For the system to work, the sole creator of money must be the sovereign state. The fiat (or creation) of money by the banks could not be permitted, period. This is a byproduct of the fact they are within the economic ecosystem and there for in the creation of money the sole purpose of the bank (to the banker) is only to make a profit and in so doing removing money from the available purchasing power in the form of interest on bank fiat money. If bank fiats are allowed, the banks can and will inflate or deflate the unit of account as best fits their goal of profit independent of the financial needs and realities of the country. Another way of view this is that an artificially created money market bearing little to no relation to the cost of the service provided by the bank is represented by interest in its current form.

Now, banks could loan money. However they would be required to do so only with money deposited for that purpose which thus could not be fiat money but had already been in existence previous to the loan. That is to say, for loans in particular, they would be required to have 100% reserve. At the same time, banks would be required to keep money intended for commercial exchange during that financial period entirely separate from money intended for loaning. So what does the consumer pay for/how does the banker earn a living? The consumer pays for check/exchange and safekeeping; however, they would earn interest on money deposited specifically for investment purposes.

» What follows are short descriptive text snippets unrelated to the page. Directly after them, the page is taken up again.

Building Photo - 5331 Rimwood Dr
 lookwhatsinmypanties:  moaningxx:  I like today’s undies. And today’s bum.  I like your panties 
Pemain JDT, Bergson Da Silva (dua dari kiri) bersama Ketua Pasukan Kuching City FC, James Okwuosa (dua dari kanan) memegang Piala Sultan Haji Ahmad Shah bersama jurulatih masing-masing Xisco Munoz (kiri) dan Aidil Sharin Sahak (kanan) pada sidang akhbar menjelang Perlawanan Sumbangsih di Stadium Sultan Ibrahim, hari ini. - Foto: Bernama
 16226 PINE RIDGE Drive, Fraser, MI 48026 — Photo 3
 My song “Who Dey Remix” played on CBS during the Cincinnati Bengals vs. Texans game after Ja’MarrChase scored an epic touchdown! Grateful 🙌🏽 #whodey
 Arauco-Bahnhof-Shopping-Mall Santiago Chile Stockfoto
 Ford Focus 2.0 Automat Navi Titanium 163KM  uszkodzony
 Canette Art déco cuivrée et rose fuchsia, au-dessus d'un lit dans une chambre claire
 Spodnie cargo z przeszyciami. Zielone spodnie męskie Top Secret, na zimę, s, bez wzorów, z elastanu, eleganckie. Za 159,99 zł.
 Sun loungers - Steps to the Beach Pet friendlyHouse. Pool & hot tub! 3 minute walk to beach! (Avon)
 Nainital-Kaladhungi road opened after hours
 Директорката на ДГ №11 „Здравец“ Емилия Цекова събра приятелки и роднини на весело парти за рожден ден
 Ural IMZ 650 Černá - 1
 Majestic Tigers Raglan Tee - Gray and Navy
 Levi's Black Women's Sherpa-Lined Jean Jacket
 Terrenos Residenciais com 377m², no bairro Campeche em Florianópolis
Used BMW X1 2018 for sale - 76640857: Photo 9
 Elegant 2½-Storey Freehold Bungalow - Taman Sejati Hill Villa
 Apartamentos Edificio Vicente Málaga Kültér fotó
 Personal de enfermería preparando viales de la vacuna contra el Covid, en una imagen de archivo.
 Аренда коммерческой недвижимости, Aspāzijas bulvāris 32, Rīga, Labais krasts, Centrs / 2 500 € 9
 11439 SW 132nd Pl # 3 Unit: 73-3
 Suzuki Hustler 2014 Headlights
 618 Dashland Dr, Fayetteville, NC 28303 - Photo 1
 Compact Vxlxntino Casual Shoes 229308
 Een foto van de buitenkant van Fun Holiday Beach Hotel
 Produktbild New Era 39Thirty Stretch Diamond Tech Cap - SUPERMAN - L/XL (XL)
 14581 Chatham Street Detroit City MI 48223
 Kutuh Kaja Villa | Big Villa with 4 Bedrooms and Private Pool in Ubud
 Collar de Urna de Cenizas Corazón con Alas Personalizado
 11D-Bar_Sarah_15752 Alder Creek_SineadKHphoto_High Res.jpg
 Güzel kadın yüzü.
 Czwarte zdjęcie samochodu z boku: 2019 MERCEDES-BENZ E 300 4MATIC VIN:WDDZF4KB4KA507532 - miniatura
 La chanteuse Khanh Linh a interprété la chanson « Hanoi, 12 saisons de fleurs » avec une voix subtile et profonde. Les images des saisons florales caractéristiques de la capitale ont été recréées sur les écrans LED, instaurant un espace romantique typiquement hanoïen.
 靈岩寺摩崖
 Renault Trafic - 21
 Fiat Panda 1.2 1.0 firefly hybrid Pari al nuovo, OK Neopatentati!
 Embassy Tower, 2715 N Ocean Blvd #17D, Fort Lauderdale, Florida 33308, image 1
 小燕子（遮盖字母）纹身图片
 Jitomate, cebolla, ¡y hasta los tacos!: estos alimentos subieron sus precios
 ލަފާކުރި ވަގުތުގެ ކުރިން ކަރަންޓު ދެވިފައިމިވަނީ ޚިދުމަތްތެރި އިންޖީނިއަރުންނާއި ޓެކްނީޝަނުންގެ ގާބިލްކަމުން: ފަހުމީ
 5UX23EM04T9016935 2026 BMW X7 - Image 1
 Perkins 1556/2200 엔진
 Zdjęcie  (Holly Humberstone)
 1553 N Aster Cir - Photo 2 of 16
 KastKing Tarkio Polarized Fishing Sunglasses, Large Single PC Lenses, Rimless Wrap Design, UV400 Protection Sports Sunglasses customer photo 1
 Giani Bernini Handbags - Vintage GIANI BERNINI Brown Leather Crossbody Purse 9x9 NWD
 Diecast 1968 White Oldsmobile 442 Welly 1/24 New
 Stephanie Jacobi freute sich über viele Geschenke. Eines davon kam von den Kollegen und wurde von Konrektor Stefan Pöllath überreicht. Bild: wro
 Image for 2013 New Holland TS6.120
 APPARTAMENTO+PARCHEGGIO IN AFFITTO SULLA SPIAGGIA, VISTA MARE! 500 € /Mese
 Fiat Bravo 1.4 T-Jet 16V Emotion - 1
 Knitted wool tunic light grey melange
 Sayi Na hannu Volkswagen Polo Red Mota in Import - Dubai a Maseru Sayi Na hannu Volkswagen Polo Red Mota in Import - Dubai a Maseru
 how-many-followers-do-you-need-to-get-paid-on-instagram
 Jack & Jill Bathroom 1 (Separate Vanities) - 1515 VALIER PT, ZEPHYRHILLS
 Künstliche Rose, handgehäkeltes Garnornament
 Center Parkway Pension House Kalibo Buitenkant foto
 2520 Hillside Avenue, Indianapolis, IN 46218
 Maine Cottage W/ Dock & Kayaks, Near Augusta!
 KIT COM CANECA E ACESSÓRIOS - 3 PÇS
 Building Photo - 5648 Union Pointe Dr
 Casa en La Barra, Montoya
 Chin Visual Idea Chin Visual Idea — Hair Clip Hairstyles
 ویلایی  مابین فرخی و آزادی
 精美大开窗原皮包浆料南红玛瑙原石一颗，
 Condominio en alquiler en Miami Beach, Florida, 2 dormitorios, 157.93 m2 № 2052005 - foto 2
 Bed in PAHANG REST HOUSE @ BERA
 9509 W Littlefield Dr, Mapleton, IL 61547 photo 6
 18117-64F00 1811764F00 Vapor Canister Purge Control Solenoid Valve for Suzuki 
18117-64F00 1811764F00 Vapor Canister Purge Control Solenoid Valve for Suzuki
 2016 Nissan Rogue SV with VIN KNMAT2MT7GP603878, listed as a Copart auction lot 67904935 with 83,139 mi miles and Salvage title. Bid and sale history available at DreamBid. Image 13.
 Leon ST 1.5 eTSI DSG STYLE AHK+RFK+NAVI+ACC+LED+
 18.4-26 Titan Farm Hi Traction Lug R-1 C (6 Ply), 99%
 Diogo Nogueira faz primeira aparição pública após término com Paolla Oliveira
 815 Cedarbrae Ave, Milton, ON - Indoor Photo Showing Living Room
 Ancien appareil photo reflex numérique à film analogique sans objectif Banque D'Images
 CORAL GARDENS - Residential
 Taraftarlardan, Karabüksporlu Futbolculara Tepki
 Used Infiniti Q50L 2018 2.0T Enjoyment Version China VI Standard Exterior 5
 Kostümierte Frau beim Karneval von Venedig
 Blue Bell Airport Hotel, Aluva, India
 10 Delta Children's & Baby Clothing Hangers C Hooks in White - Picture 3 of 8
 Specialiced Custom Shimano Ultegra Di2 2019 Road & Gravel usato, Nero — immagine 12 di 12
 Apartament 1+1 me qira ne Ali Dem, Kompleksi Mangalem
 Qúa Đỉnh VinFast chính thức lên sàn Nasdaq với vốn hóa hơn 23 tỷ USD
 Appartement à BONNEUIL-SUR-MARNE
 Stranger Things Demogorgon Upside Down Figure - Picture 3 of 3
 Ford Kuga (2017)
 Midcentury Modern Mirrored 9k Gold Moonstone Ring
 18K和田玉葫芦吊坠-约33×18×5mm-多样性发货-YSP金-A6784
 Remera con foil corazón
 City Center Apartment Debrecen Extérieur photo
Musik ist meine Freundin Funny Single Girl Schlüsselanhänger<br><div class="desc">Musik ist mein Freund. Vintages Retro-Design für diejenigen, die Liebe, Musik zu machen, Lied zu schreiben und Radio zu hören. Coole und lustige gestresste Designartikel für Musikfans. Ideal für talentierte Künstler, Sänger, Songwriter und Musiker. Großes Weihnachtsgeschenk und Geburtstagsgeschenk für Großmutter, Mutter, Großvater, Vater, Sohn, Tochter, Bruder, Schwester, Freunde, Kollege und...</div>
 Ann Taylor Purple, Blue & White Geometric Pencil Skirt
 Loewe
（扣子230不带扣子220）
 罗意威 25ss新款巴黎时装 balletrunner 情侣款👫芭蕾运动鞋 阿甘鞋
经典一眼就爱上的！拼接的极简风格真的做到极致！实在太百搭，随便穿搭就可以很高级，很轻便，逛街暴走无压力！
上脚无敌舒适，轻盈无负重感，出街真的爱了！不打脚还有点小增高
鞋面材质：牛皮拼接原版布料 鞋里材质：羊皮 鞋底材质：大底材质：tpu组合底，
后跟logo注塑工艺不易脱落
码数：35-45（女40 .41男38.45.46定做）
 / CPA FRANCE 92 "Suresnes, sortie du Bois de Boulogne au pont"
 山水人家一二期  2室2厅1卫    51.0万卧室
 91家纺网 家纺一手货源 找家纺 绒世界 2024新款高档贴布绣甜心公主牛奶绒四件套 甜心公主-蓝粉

Thus removing from the hands of the bankers the ability to manipulate the money supply of the country is to their own gain. The Federal Reserve Bank is not a public bank. It is a private bank, owned by bankers for bankers. Ordinary citizens cannot make deposits or withdrawals from this bank but governments and banks can. The fact that banks can currently create money with a loan by the creation of the credit/debt gap it produces can effect inflation and deflation which seems counter to the “constitutional provision giving Congress the sole right to coin and regulate the value of money”. If banks were required to lend only money which was backed by 100% deposits for the purpose of investments, the creation of money by banks would stop.

Suddenly if you put banking in a different setting, think about Flexcar. The idea is that if everyone owns a car, they spend a lot of time sitting around doing nothing but using up resources because of all the parking spaces. Flexcar rents out cars at those times when people are not using them, while they are parked. If we all did this there would be less of a need for cars and parking spaces. There is a distinction between a “car” and “use of a car”. Banks do something similar. They rent out “reserves”, the kind of money the central bank makes, to give us “use of reserves”, which is what we commonly call money. What you are proposing is that there will be no difference between reserves and use of reserves. Is this what you mean?

It would be very hard to enforce. I created a few “use of pencil” out of a single spare pencil yesterday.

All that about the Federal Reserve Bank is true. We split the monetary authority from the fiscal authority (congress). It has resulted in lower inflation than in places where the two are closely tied like in the UK. The way that works with the congressional right is that the constitution says “coin”. The US Treasury still makes the coins; the Fed takes care of the rest.